THE TASK:
Everything from the line containing "Lynk & Co 01 (2022)" down to the last line below should be set down exactly, and only that, without the pictures.

::: PROVIDED INFORMATION :::

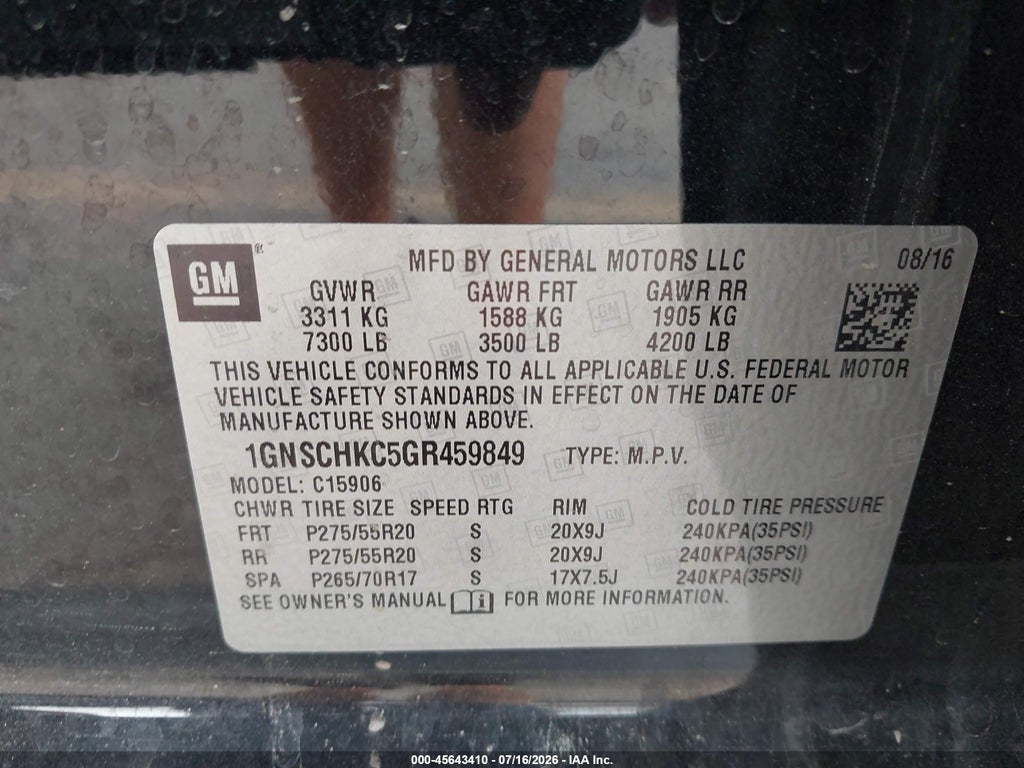 2016 Chevrolet Suburban LT photo 9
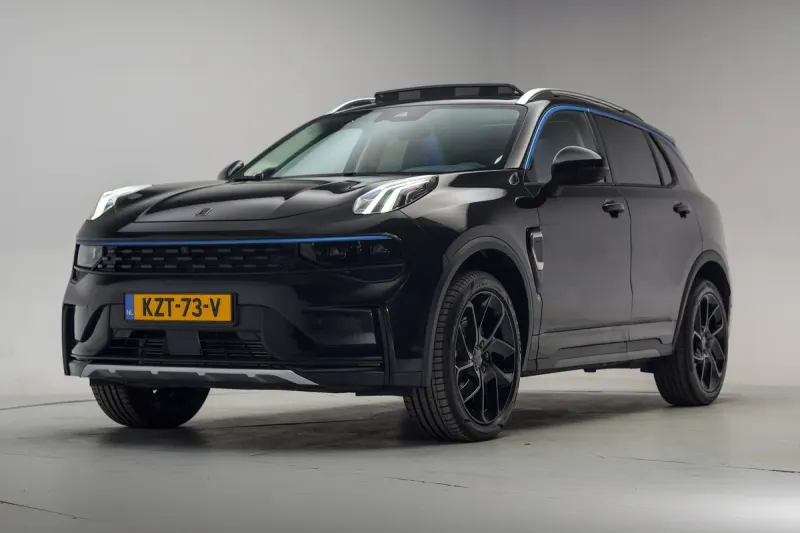 Lynk & Co 01 (2022)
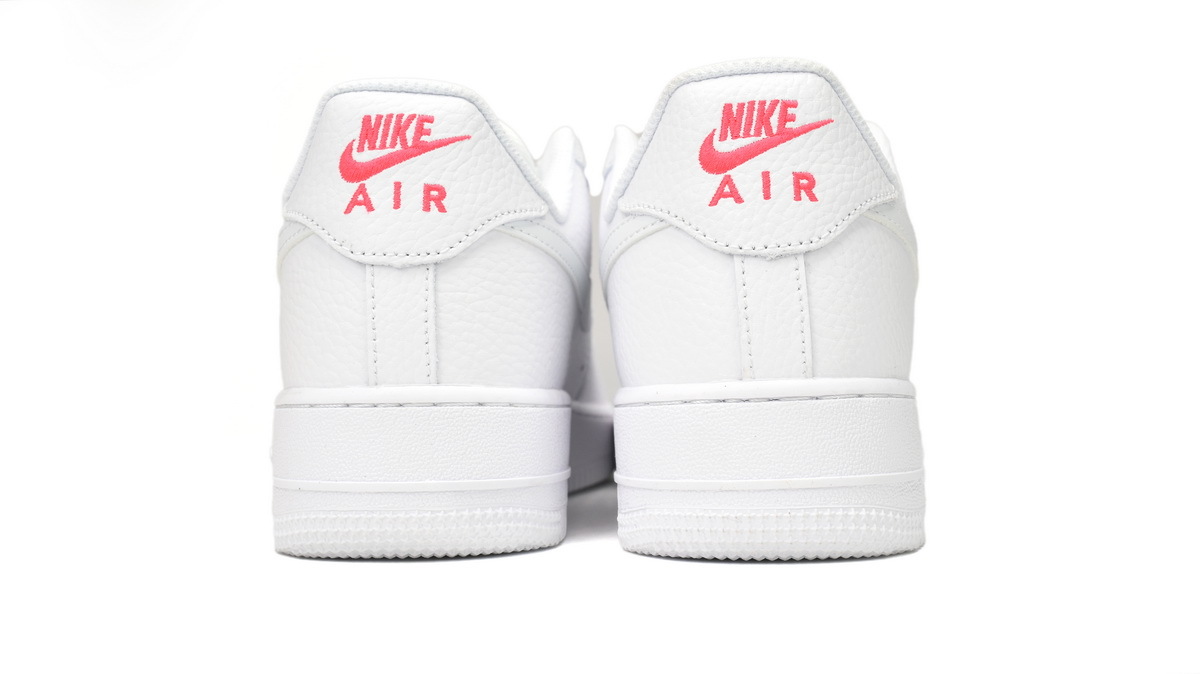 Wmns Air Force 1 '07 Essential Summit White Solar Red CT1989-101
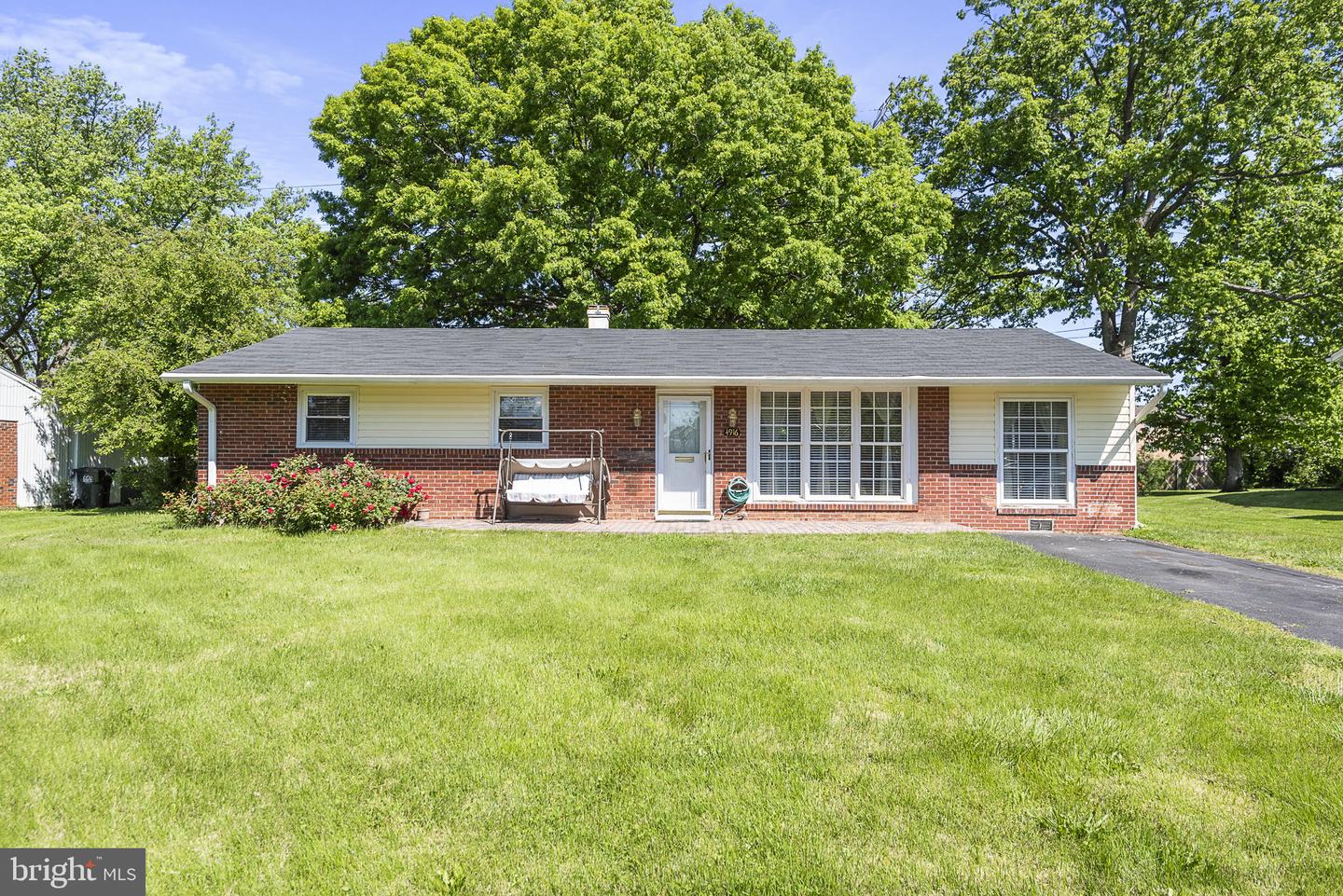 4916 TREETOP LANE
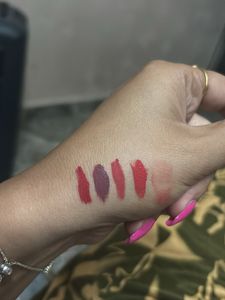 Lot of 4 Lipsticks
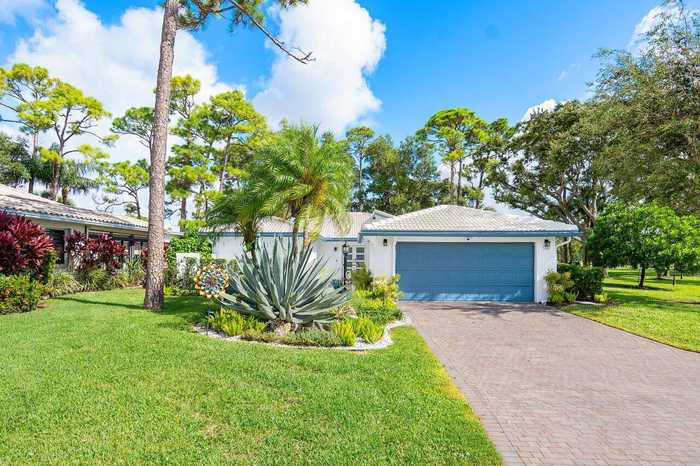 photo 1: 28 Woods Lane, Boynton Beach FL 33436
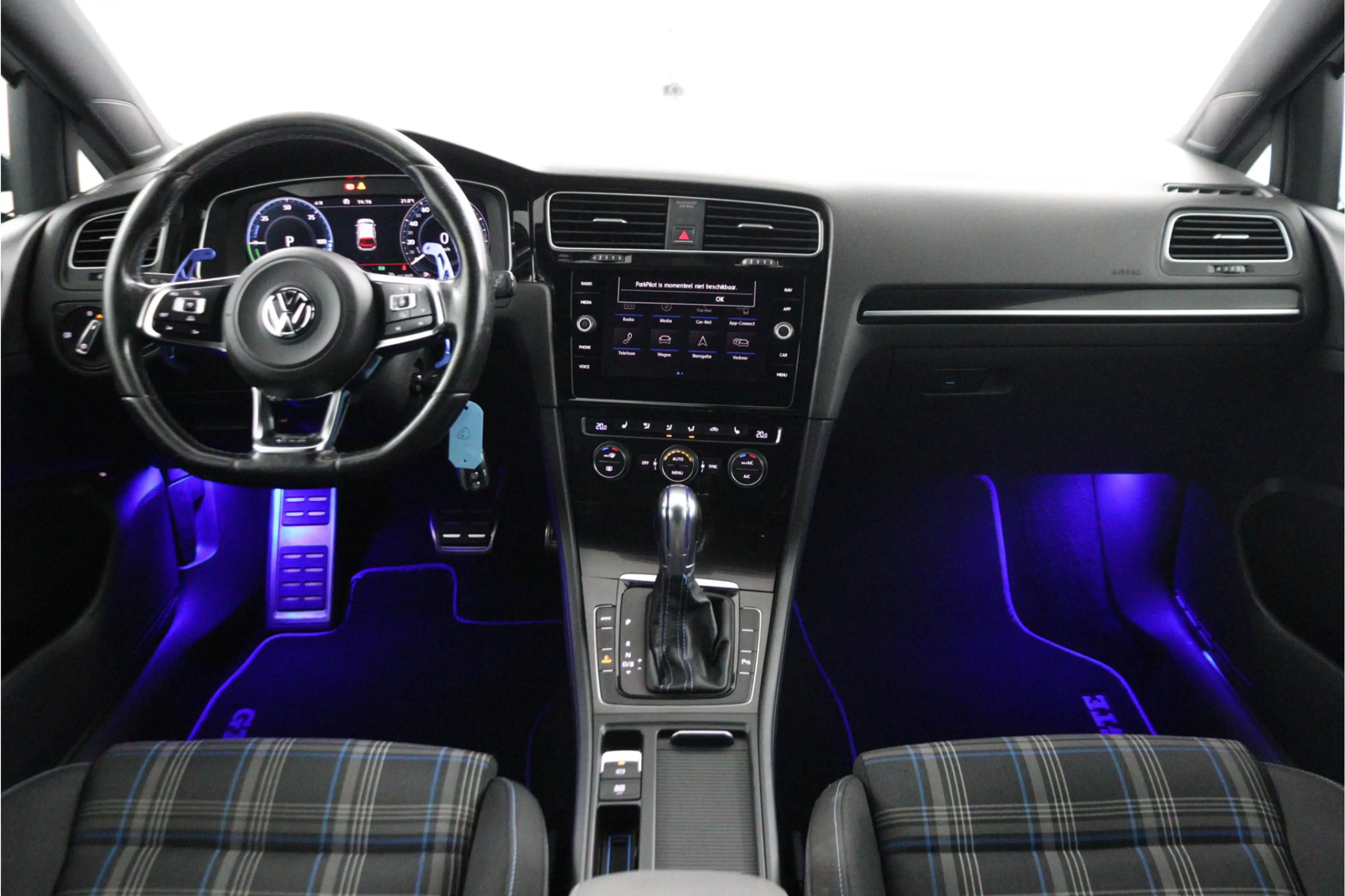 Volkswagen Golf GTE 1.4 TSI 7.5 Executive Plus - SOH 91% | Panorama | — photo 9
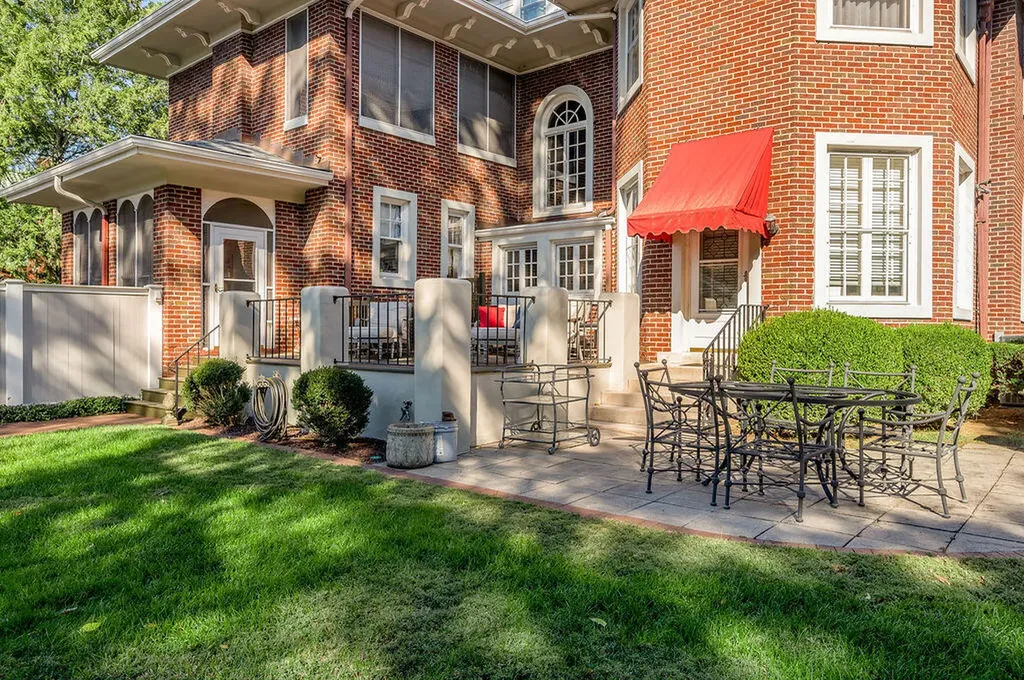 1014 Richmond Road Lexington KY 40502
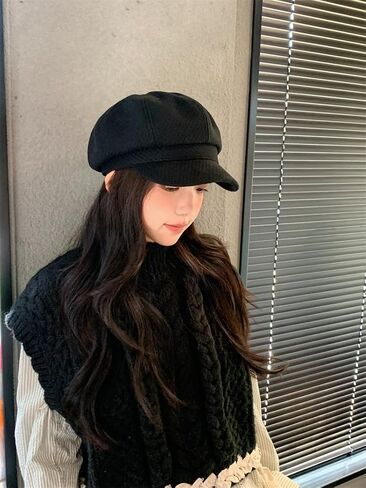 2PS Newsboy Hats for Women Classic Vintage Beret Hat with Adjustable Strap Warm Stylish Sunshade Hat for Fall Winter Outdoor Casual Wear(Black/White) in Kuwait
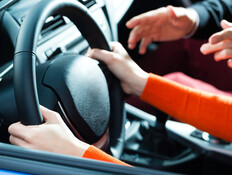 שיעור נהיגה, מורה לנהיגה (צילום: 123RF‏)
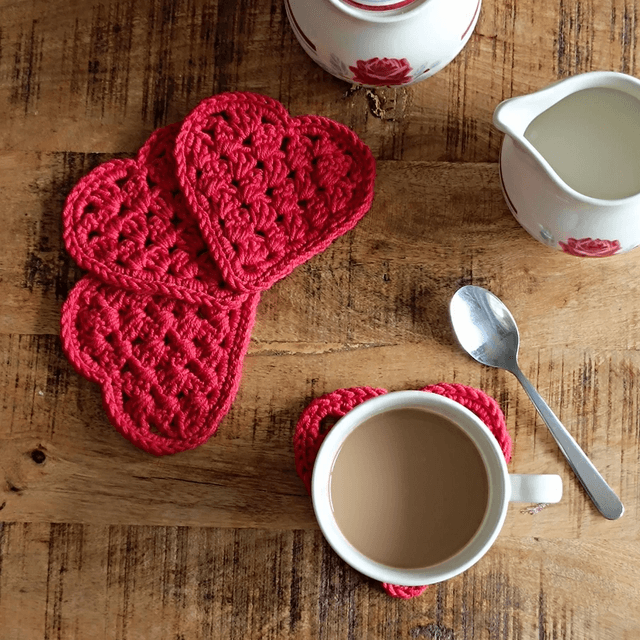 Sous-Tasses LOVE en Crochet - Fait Main 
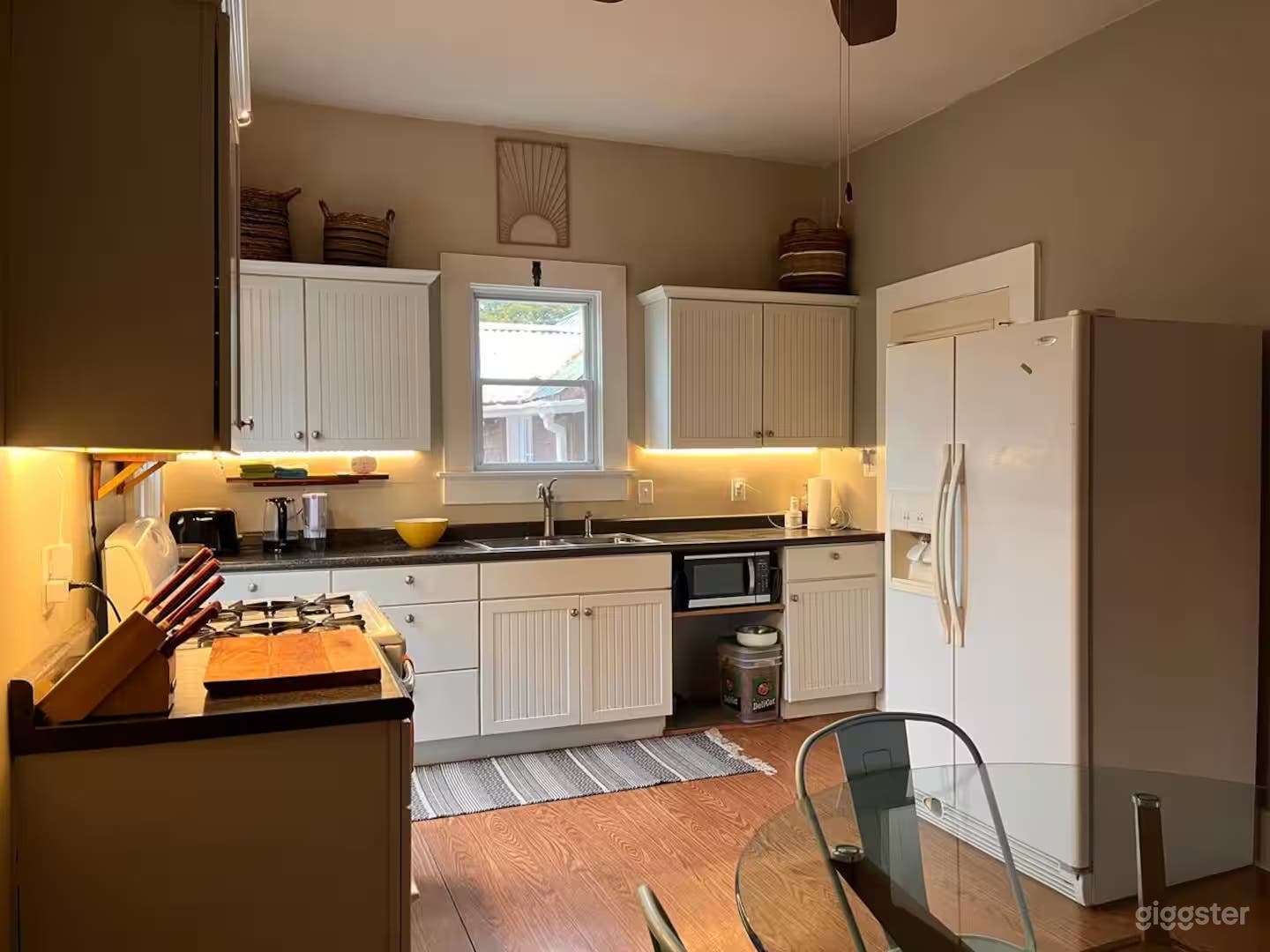 Charming Farmhouse Photo 4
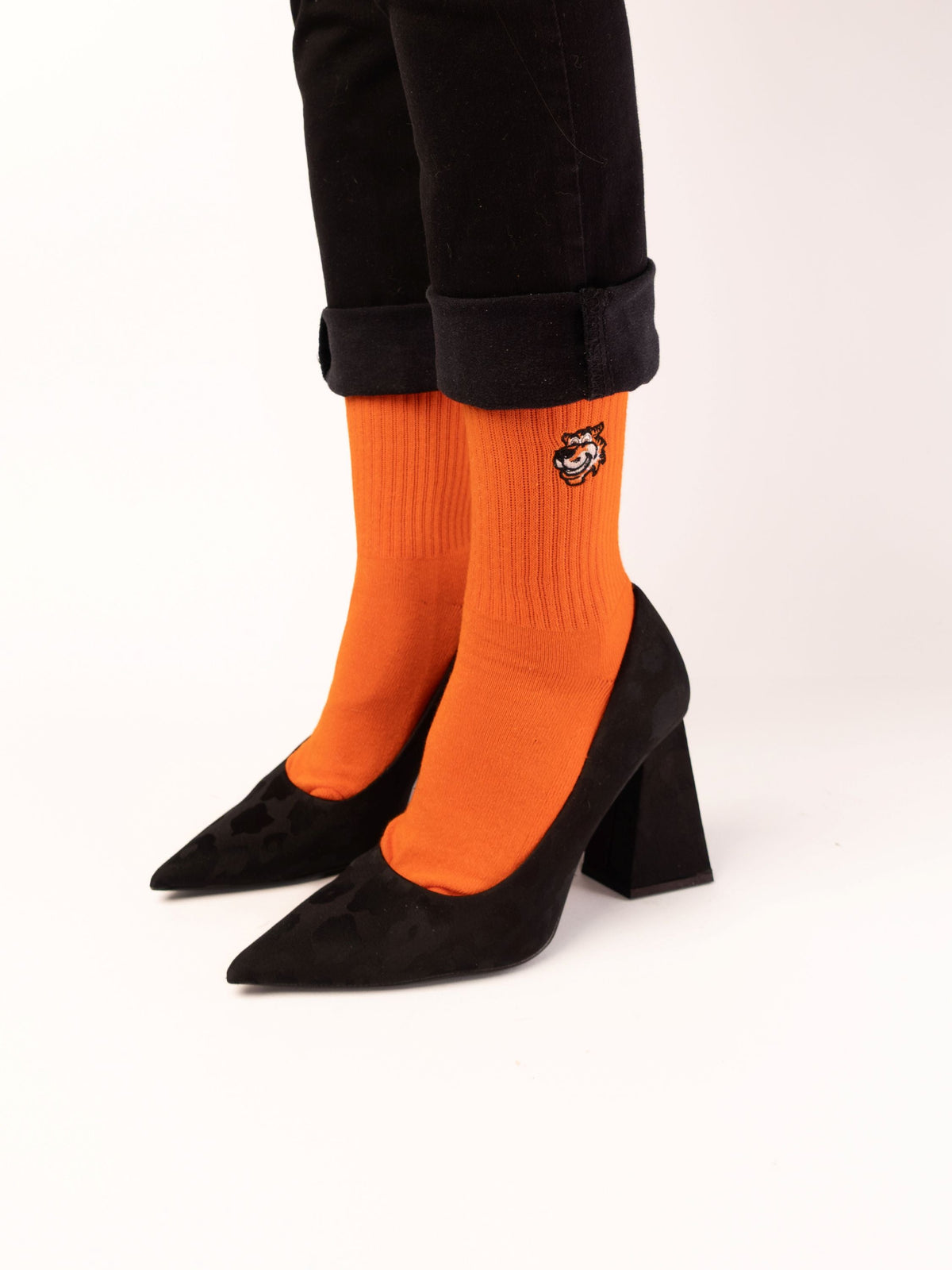 After Hours Set für Damen von Good Willy: Orange Crew-Socken zu schwarzen Absatzschuhen (KI-generiert)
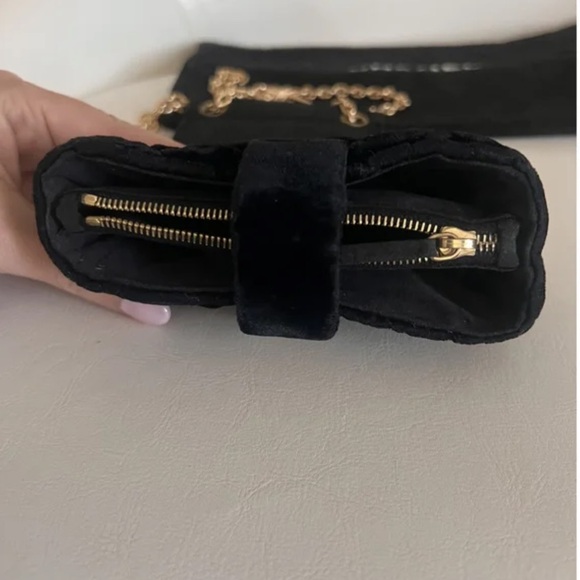 💯 Chanel mini pouch / bag with a Chanel chain - Picture 2 of 8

:::

RESULT FOR THIS EXERCISE:
 Lynk & Co 01 (2022)
 Wmns Air Force 1 '07 Essential Summit White Solar Red CT1989-101
 4916 TREETOP LANE
 Lot of 4 Lipsticks
 photo 1: 28 Woods Lane, Boynton Beach FL 33436
 Volkswagen Golf GTE 1.4 TSI 7.5 Executive Plus - SOH 91% | Panorama | — photo 9
 1014 Richmond Road Lexington KY 40502
 2PS Newsboy Hats for Women Classic Vintage Beret Hat with Adjustable Strap Warm Stylish Sunshade Hat for Fall Winter Outdoor Casual Wear(Black/White) in Kuwait
 שיעור נהיגה, מורה לנהיגה (צילום: 123RF‏)
 Sous-Tasses LOVE en Crochet - Fait Main 
 Charming Farmhouse Photo 4
 After Hours Set für Damen von Good Willy: Orange Crew-Socken zu schwarzen Absatzschuhen (KI-generiert)
 💯 Chanel mini pouch / bag with a Chanel chain - Picture 2 of 8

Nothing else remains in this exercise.